Tre opere: La panchina, L’eredità, infine Gli innocenti.
Tre ritratti, tre uomini, tre destini, tre metodi relazionali diversi. Tre soggetti e la realtà come unica inequivocabile legge che regola vite e decisioni. Il cuore del neorealismo nordico toccato con forza e convinzione. Vige la lectio bergmaniana, ma epurata di ogni substrato psicanalitico, vige il tributo al Dogma di Lars Von Trier.

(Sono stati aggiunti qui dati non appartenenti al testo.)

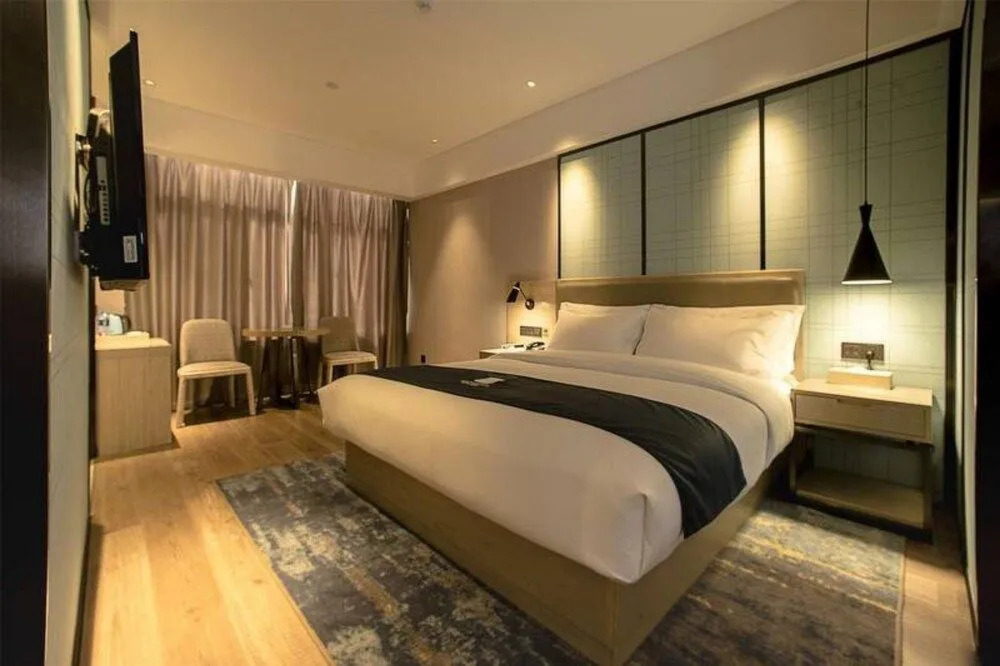 Echarm Hotel Xiamen Exhibition Center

Jesper Christensen come protagonista di questa nuova storia. Il suo personaggio: Carlsten, fascionoso e attempato professore di liceo dal pensiero politico sovversivo. La storia di un amore straziante, il suo per Pil, ex studentessa nonché attivista ai limiti del terrorismo. Un incidente, o meglio: un omicidio volontario relega Pil in prigione. La sua mancata confessione, sotto pressante consiglio dell’amante, le ridarà la libertà. La libertà scaverà nei suoi sensi di colpa. L’incubo, e il peso di una vita strappata si incarneranno demoni.
Una crescente perdita d’identità per Carlsten, colpevole d’aver ceduto al proprio “egoismo d’amore”, colpevole d’aver protetto un’omicida. Confusione per Pil. Colpa, incarnata dalla moglie della vittima, disperata maschera in caccia di verità. Eversione come potere che pervade anche il mondo degli affetti. Incertezza come risultato di scelte sbagliate.

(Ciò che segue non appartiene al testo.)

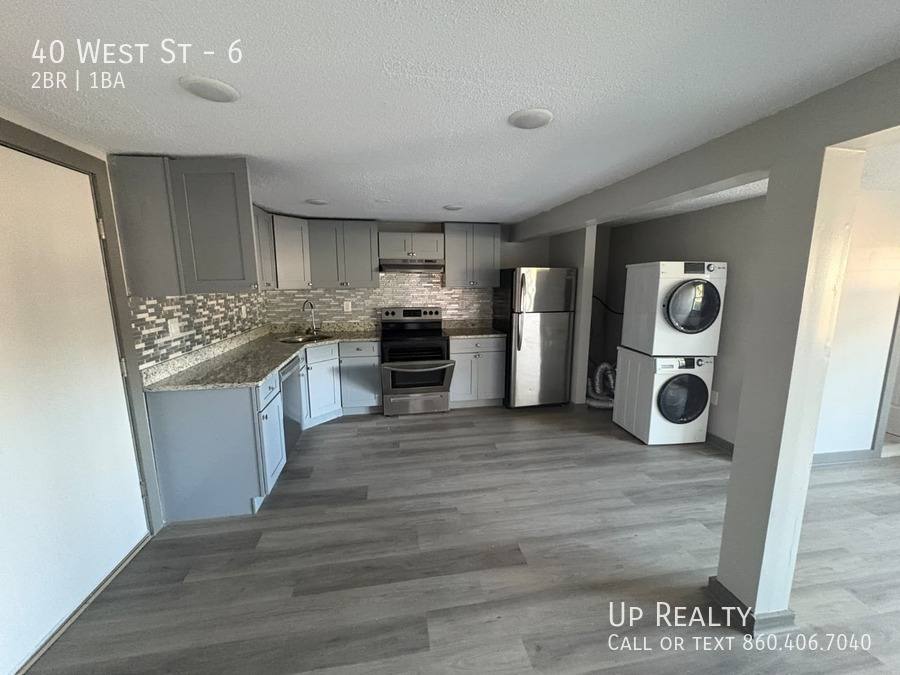 Apartment for rent at 40 W St, Vernon Rockville, CT 06066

Ritratto ben riuscito di un uomo sull’orlo dell’autodistruzione (grandissima prova attoriale di Christensen) che tuttavia perde di vigore rispetto al suo predecessore L’eredità, opera più vicina a Dogma 95 ma non meno priva di pathos. Un tentato approccio psicanalitico, incarnato nel sogno ricorrente del parapendio che prende fuoco, si rivela purtroppo superficiale, ben distante dal sublime insegnamento Bergmaniano. La metafora tituba con accezioni talvolta scontate, perdendo di incisività. Un ibridismo eccessivamente compiaciuto, tra neorealismo e cinema dell’anima, allontana il film da entrambi i filoni senza trovare una forte collocazione propria. Sembra lontana la terribile e cruda realtà del Festen di Vintemberg, altrettanto il meccanico e crescente gelo dell’anima che attanaglia Christopher ne L’eredità.
Meritevole comunque la trilogia nel suo complesso e, come sempre Per Fly.